Besides three viral factors stated above, viral interaction with host receptor is another key factor influential on interspecies transmission. Herein, recombination of SARS-CoV is taken as a typical example, which also showed evidence of positive selection during interspecies transmission events [74]. Based on the comparative analysis between isolates of human and civet SARS-CoVs, SARS-CoV is thought to undergo rapid adaptation in different hosts, particularly with mutations at the RBD of the S protein [74]. Generally, the RBD in the S protein of a CoV interacts with the cellular receptor and is intensely selected by the host antibody response. In SARS-CoV, the RBD is in the 318th to 510th amino acids on the S1 fragment, which binds to the human ACE2 as well as its coreceptors for viral entry [75]. The RBD of SARS-CoV is capable of recognizing the ACE2 receptors of various animals, including bat, civet, mouse and raccoon dog, allowing interspecies transmission of the virus. In fact, only 6 amino acid residues were observed to be different from human and civet viral isolates in the RBD and 4 of them locate in the receptor-binding motif for interaction with the ACE2 receptor.
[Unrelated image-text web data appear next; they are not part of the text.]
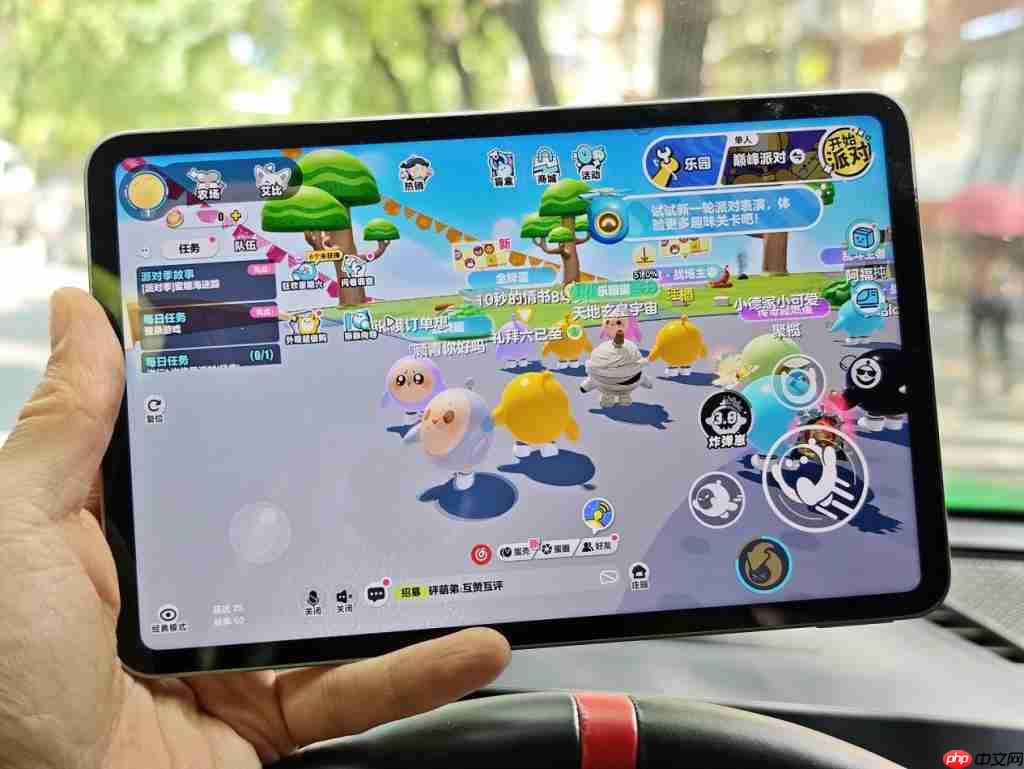  高负载游戏满帧运行！8.8 英寸 Redmi K Pad 首发体验 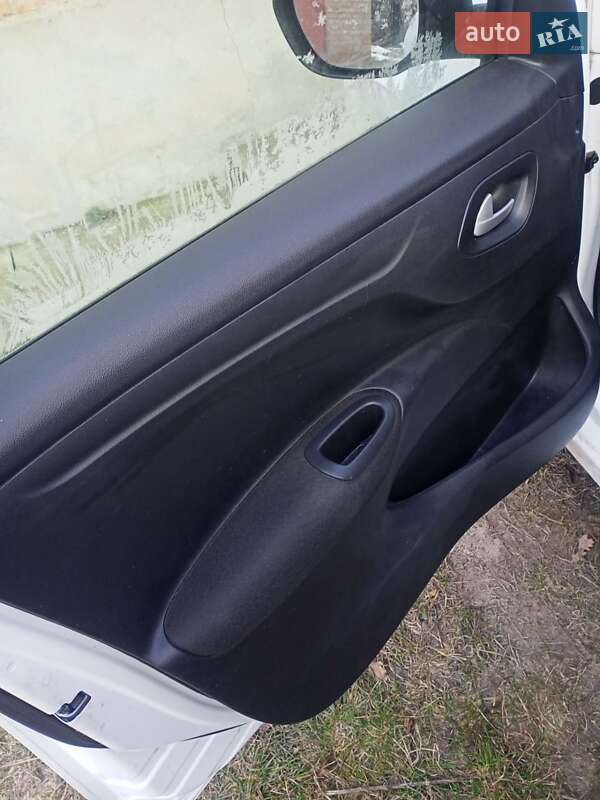 Седан Peugeot 301 2020 в Вінниці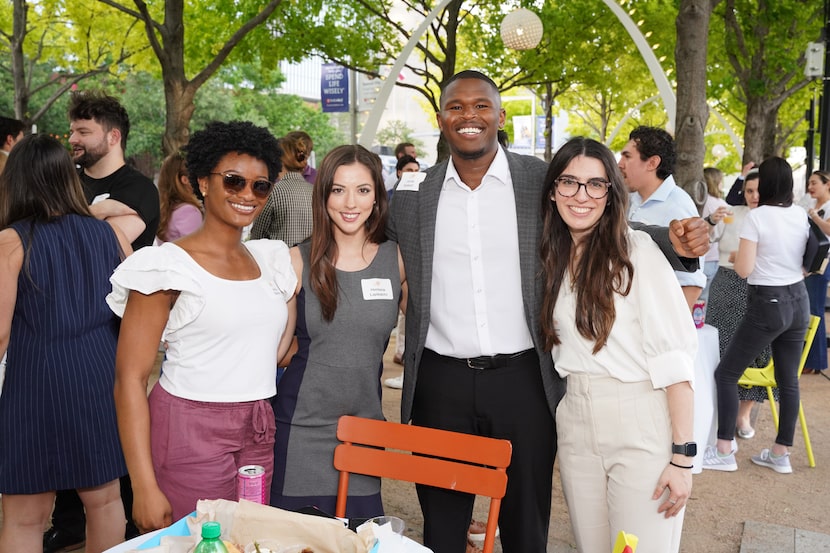 Klyde Warren Park's kickoff happy hour attracted nearly 300 young professionals.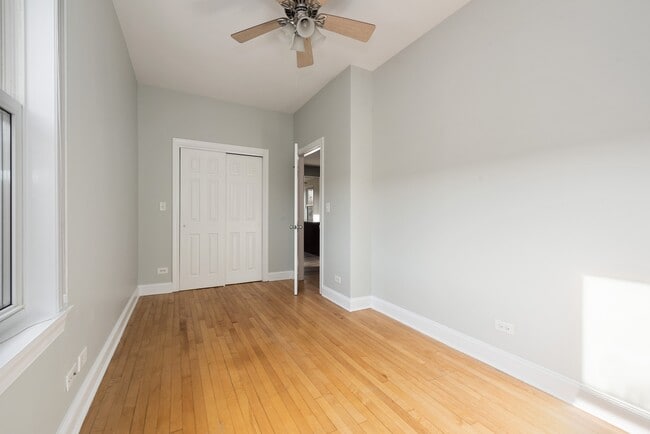 Building Photo - 3428 N Damen Ave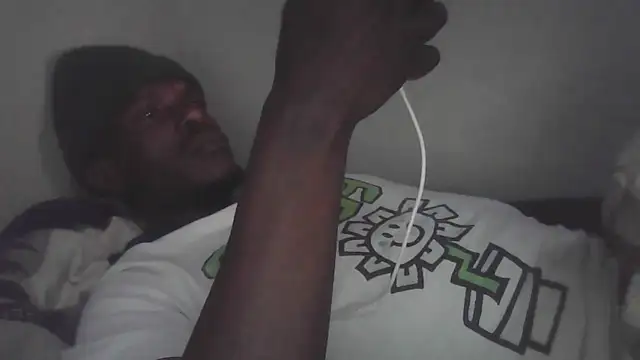 Snapshot of cuminsidebby chatting on December 15, 2025, 9:09 pm cuminsidebby online show from December 15, 2025, 9:09 pm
Civet SARS-CoV has K479N and S487T mutations in its RBD, which might increase the affinity of the interaction of spike protein with human ACE2 receptor. In other words, these two amino acid substitutions might be critical to viral adaption to humans [75].

It is noteworthy that SARS-CoV-2 shares the same cellular receptor with SARS-CoV [8]. A 30% difference between SARS-CoV-2 and SARS-CoV in the S1 unit of the S protein implicates that the binding affinity of its S protein with human ACE2 might have altered [5]. Indeed, a cryo-EM study indicates a 10- to 20-fold higher affinity of this binding than that between human ACE2 and SARS-CoV S protein [76]. It will also be of interest to determine whether any other coreceptor might be required for SARS-CoV-2 transmission. Intriguingly, HCoV-NL63 also binds to ACE2 but with a different part of S [77]. There exist many other HCoV receptors, such as aminopeptidase N for HCoV-229E, and 9-O-acetylated sialic acid for HCoV-OC43. They might also account for successful adaptation of these CoVs in humans after interspecies transmission from their animal hosts.
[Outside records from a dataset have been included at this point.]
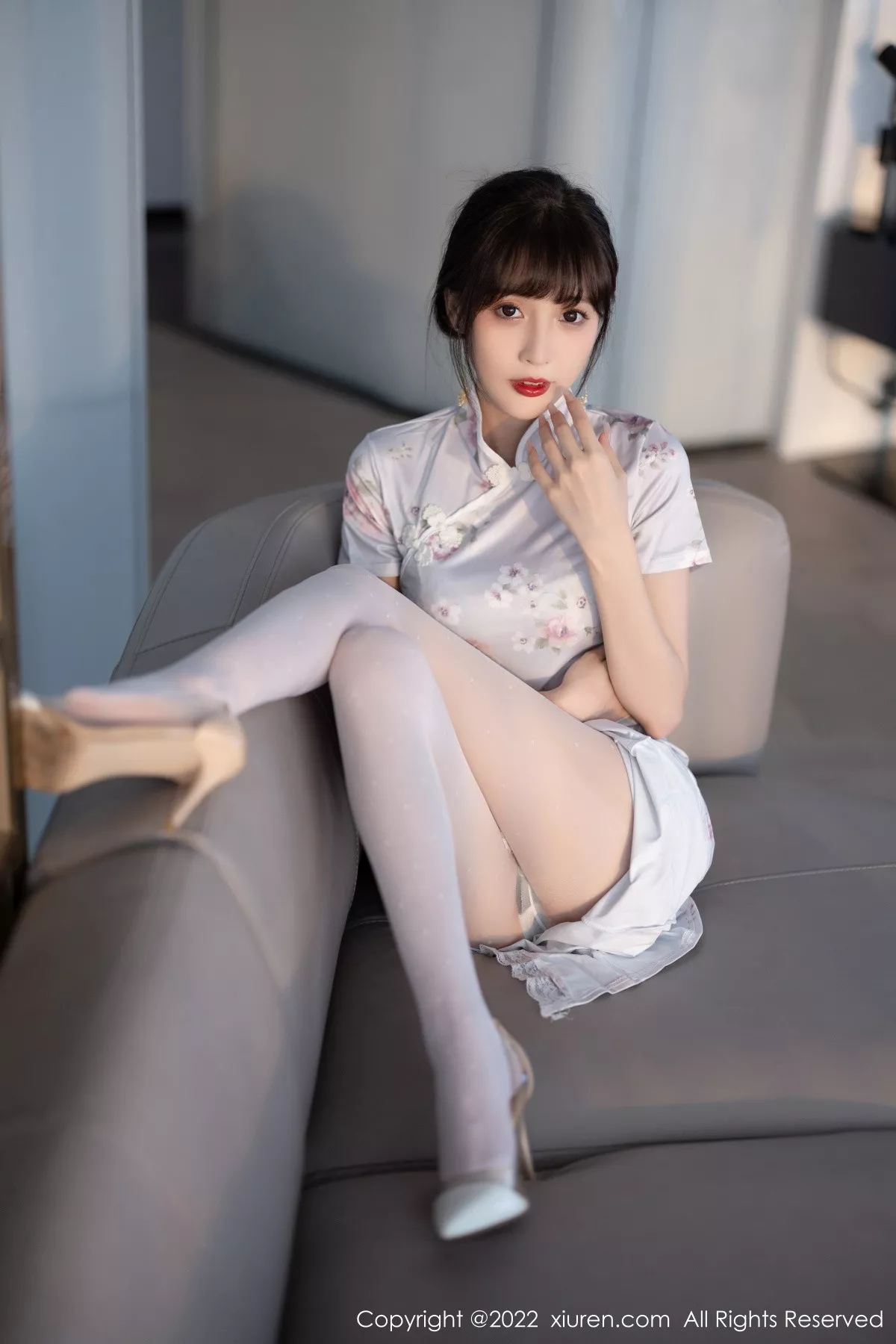 秀人集.com_[XiuRen秀人网]No.5757_模特林星阑白色图案旗袍露浅色蕾丝内衣配白丝袜甜美迷人写真90P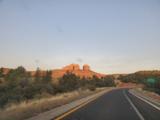 ... Sedona am Eingang zum Oak Creek Canyon ...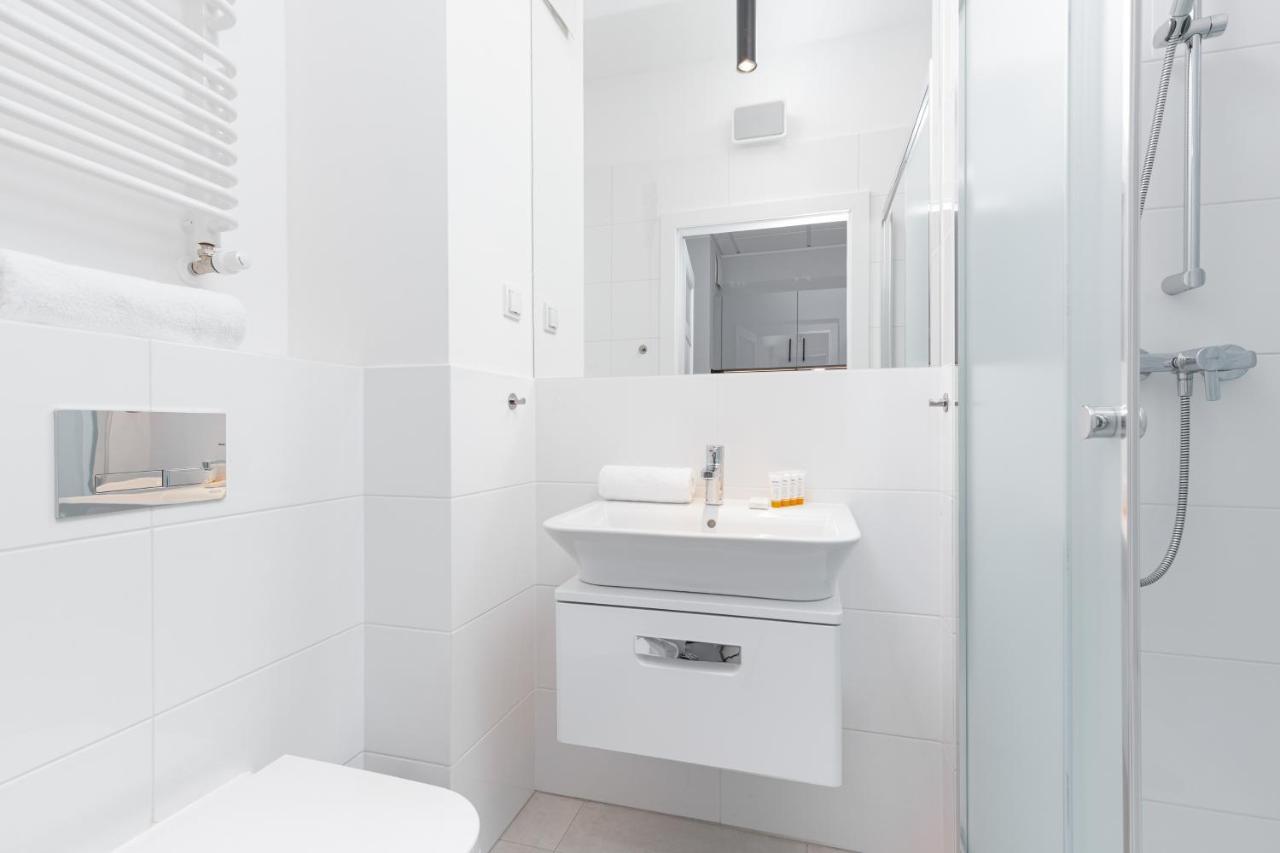 Business Center Apartments Warsaw Wola By Noclegi Renters 외부 사진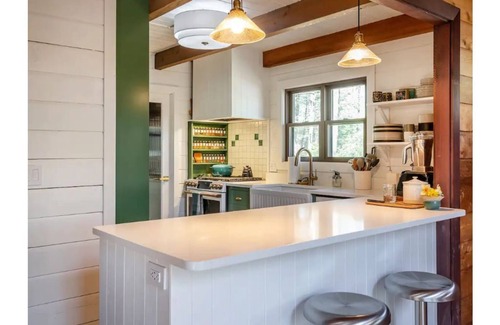 Bantam Kabine | Architect's A-Frame with a Salt Water Hot Tub on a Mountain in Litchfield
In addition to cellular receptors, the outcome of interspecies transmission of HCoVs is also governed by other host dependency and restriction factors. The divergence of these host proteins between humans and natural reservoir hosts of HCoVs such as bats, dromedary camels and rodents might constitute a barrier to interspecies transmission. HCoVs have to usurp host dependency factors and subvert host restriction factors for a successful interspecies transmission. In this regard, molecular determinants in this important area of virus-host interaction remain to be identified and characterized. An unbiased genome-wide screening of host dependency and restriction factors for SARS-CoV-2 using the state-of-the-art technology of CRISPR might be fruitful.
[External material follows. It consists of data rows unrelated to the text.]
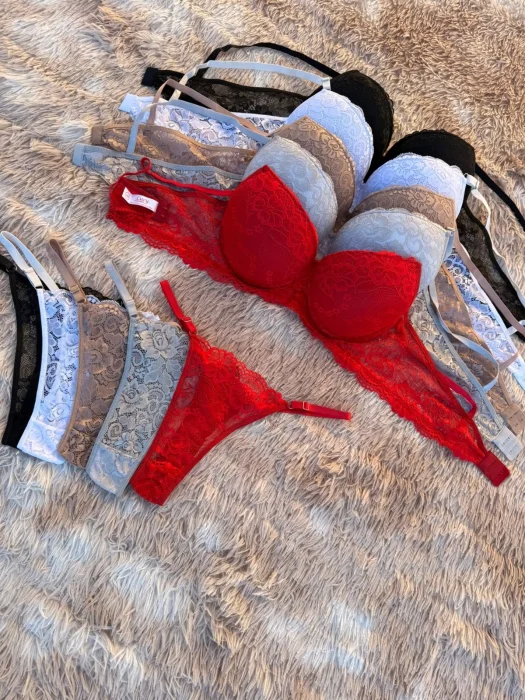 Conjunto con Aro de Encaje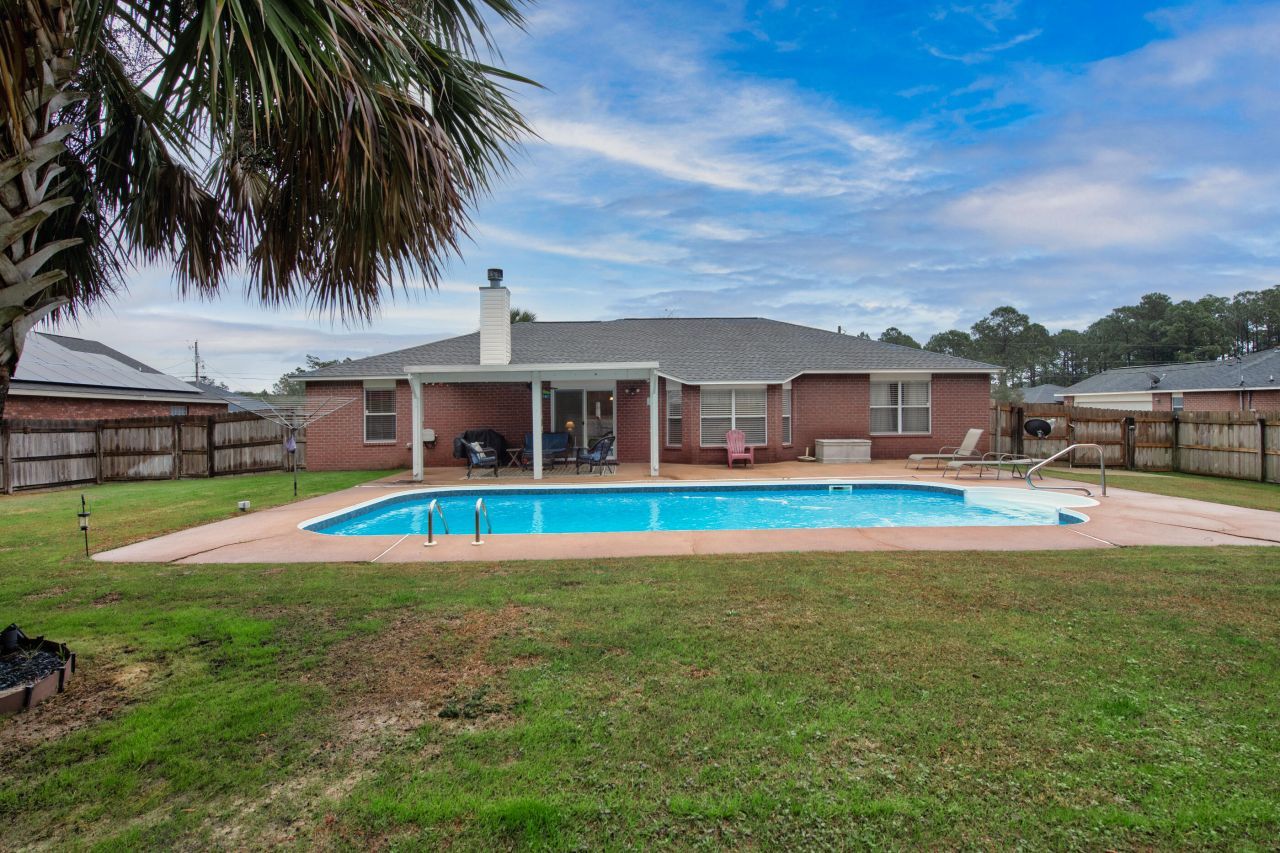 2051 Indigo Drive, Navarre, FL 32566 Main Photo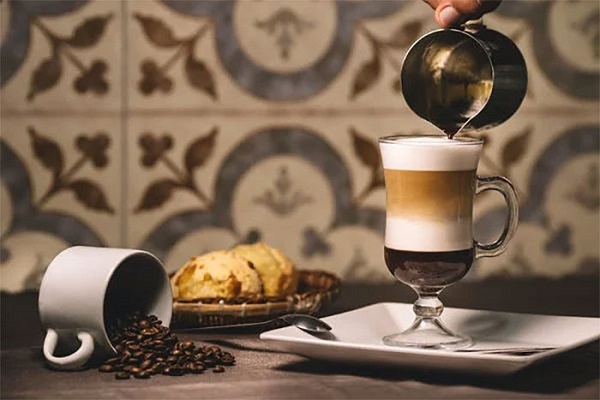 طرز تهیه قهوه موکا به ۲ روش کافی‌شاپی و خانگی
Emergence of novel HCoVs: back to ground zero

The diversity of bat CoVs provides ample opportunities for the emergence of novel HCoVs. In this sense, bat CoVs serve as the gene pool of HCoVs. In addition, rapid mutation and genetic recombination also drive HCoV evolution and serve as two important steps in this process [2,6]. For example, the acquisition or loss of novel protein-coding genes has the potential to drastically modify viral phenotypes. Among SARS-CoV accessory proteins, ORF8 has been thought to be important in adaptation to humans, as SARS-CoV-related bat viruses were isolated but found to encode divergent ORF8 proteins [48]. A 29-nucleotide deletion characteristic of SARS-CoVs has been found in strains isolated at the beginning of the human epidemic. This deletion splits ORF8 into ORF8a and ORF8b and is thought to be an adaptive mutation that promotes the switch of hosts [78]. Besides, SARS-CoV has a possible recombination history with lineages of alpha- and gamma-CoVs, where a large number of smaller recombinant regions were identified in the RNA-dependent RNA polymerase [72]. Recombination locations were also identified in the nsp9, most of nsp10, and parts of nsp14 [72]. Likewise, it has been shown that the epidemic MERS-CoV experienced recombination events between different lineages, which occurred in dromedary camels in Saudi Arabia [79]. Besides SARS-CoV and MERS-CoV, recombination events have also been observed in other HCoVs, in which the HCoVs recombine with other animal CoVs in their non-structural genes.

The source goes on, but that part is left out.